In the wake of the recent financial crisis, the Dodd-Frank Act created the SEC Investor Advisory Committee with the stated purpose of advising the SEC on (i) regulatory priorities of the SEC; (ii) issues relating to the regulation of securities products, trading strategies, and fee structures, and the effectiveness of disclosure; (iii) initiatives to protect investor interest; and (iv) initiatives to promote investor confidence and the integrity of the securities marketplace. In other words, the committee is to advise on matters historically within the purview of federal securities laws. While this is fine and good, there is some indication that the SEC may again be considering the use of disclosure rules to indirectly regulate matters that are not federal securities law matters (see, e.g., conflict mineral rules, Iran-related disclosure rules, CEO pay ratio disclosure rules, etc.).

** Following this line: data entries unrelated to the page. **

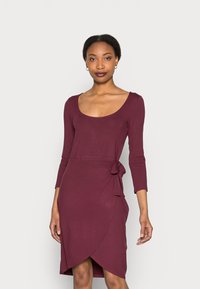 Vestido justo em malva com decote redondo, mangas 3/4 e detalhe de amarração lateral. O tecido tem uma textura suave e um design envolvente até ao joelho.
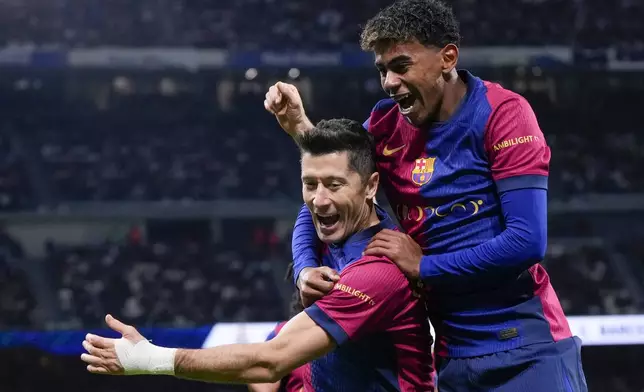 Barcelona's Robert Lewandowski celebrates after scoring his side's second goal with Lamine Yamal, right, during a Spanish La Liga soccer match between Real Madrid and Barcelona at the Santiago Bernabeu stadium in Madrid, Spain, Saturday, Oct. 26, 2024. (AP Photo/Manu Fernandez)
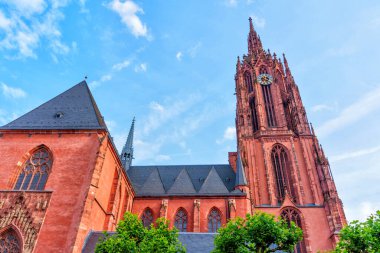 Frankfurt Katedrali 'nin yüksek kulesi ve çarpıcı kırmızı kumtaşı cephesinin detaylı görüntüsü, parlak gün ışığında ön planda yemyeşil ile güzelce aydınlatılmış..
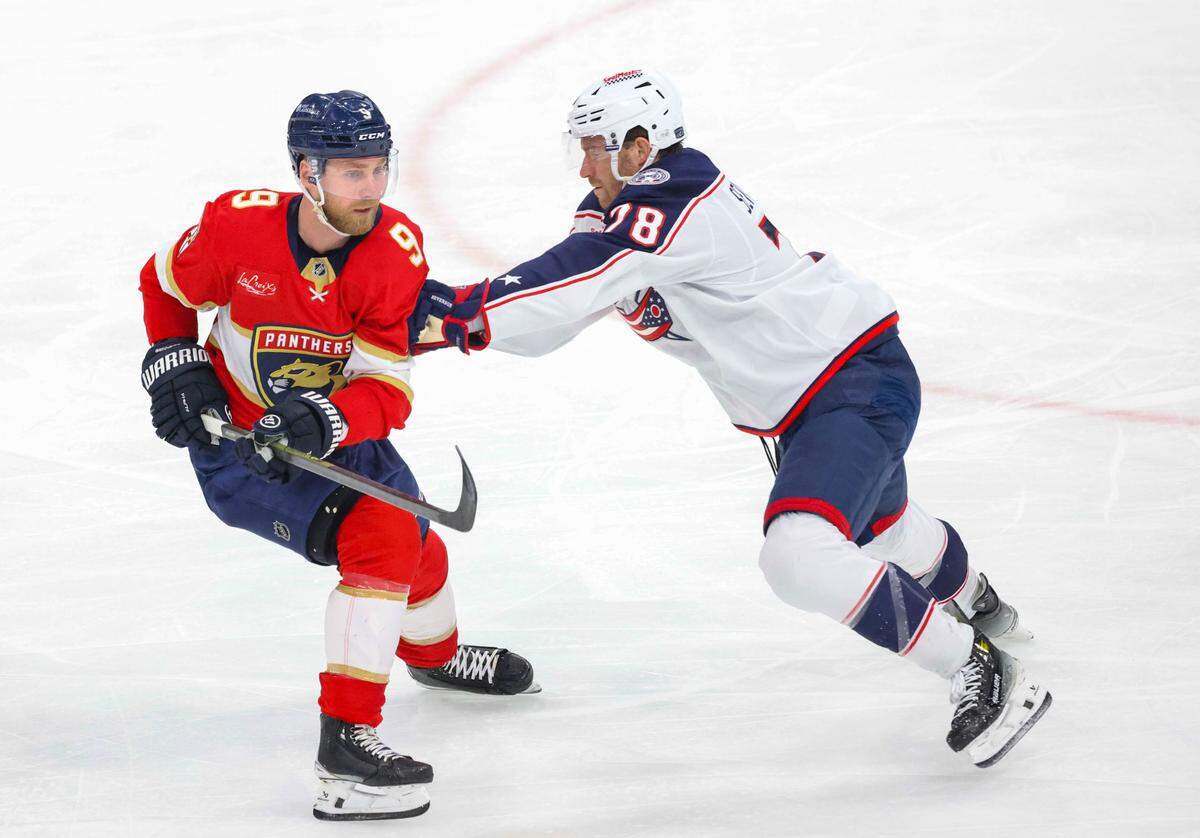 Columbus Blue Jackets defenseman Damon Severson (78) shoves Florida Panthers center Sam Bennett (9) during the second period of a game on Thursday, March 6, 2025, at Amerant Bank Arena in Sunrise, Fla.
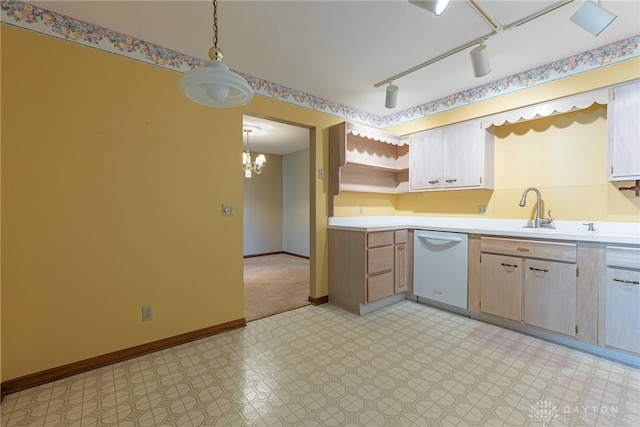 kitchen featuring baseboards, light countertops, a sink, and dishwasher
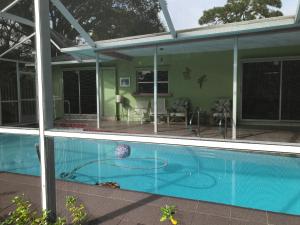 a house with a swimming pool with glass windows at Casa Limon with HEATED POOL in Sarasota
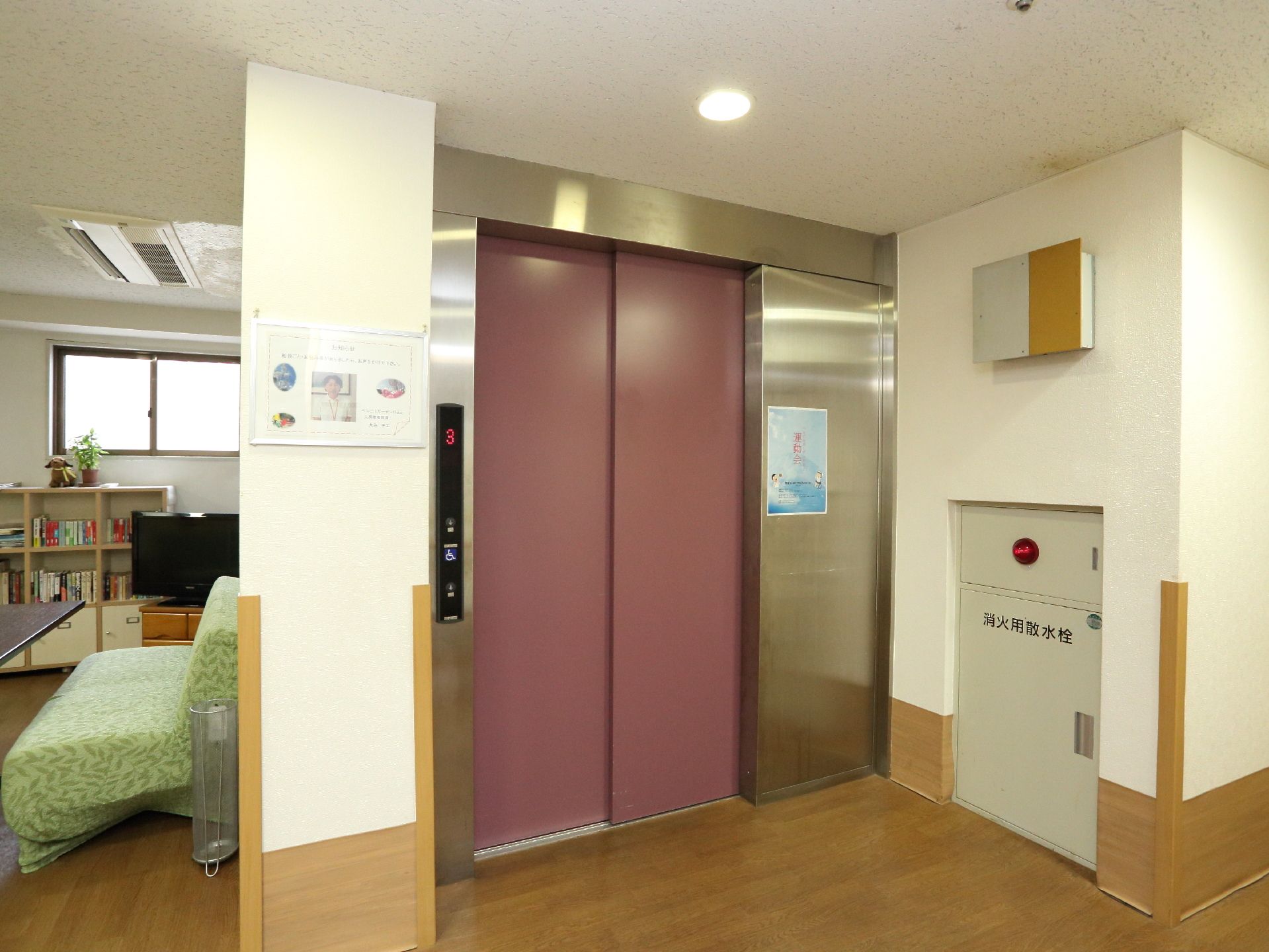 大きなエレベーターである。奥行きがあり、車椅子をご利用の方も乗り降りしやすい。横の壁に消火用水栓とスピーカーが設置されている。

The new potential area of regulation for the SEC may be internal corporate affairs. The committee’s agenda for the October 9, 2014 meeting of the SEC Investor Advisory Committee will include a discussion of issuer adoption of fee-shifting bylaws for intra-corporate litigation. An interesting topic considering such bylaws are matters of state corporate and contract laws, not federal securities laws.
In a prior blog post, I discussed the hot topic of fee-shifting bylaws. The purpose of such bylaw provisions is to require a non-prevailing shareholder to reimburse the corporation for fees incurred in connection with defending the lawsuit. These bylaw provisions gained notoriety in the recent case of ATP Tour, Inc. v. Deutscher Tennis Bund, where the Delaware Supreme Court held that fee-shifting provisions contained in a Delaware non-stock corporation’s bylaws were facially valid if not enacted for an improper purpose. Commentators generally believed that the court’s ruling would apply equally to Delaware stock corporations due to the statutory basis of the court’s ruling.
The general theory is that these fee-shifting provisions may have a deterrent effect on intra corporate litigation and would curb the number of baseless strike suits against publicly held corporations. The Delaware legislature has indicated that it would likely be considering whether legislative action was necessary related to fee-shifting bylaw provisions, but to date, nothing significant has been done on this front.
As Keith Bishop correctly points out in a blog post on this issue, the enforceability of a company’s bylaws is solely a question of state contract and corporate law, not federal securities law. As it relates to the Investor Advisory Committee’s fee-shifting bylaws agenda item, in his words, “[o]ne would have to be either credulous or contumacious to read into this statute a Congressional intent that the Investor Advisory Committee advise and consult with the Securities and Exchange Commission on matters of state contract law.”
I don’t believe there can be any reasonable disagreement with this observation. But the question then becomes, what is the purpose of this agenda item? One answer is that it may merely be a point of discussion on the potential impact to shareholders of public companies and whether and to what extent disclosure of such provisions and their effect on shareholders should be disclosed in periodic filings with the SEC. However, as was seemingly the case with the SEC’s conflict mineral disclosure rules (and which David Scileppi previously discussed here and which Bob Lamm also touched on here), this may be an addition to the list of matters sought to be regulated by the SEC via disclosure requirements. At this point, anything is speculation and we will have to wait and see what comes of the Investor Advisory Committee meeting.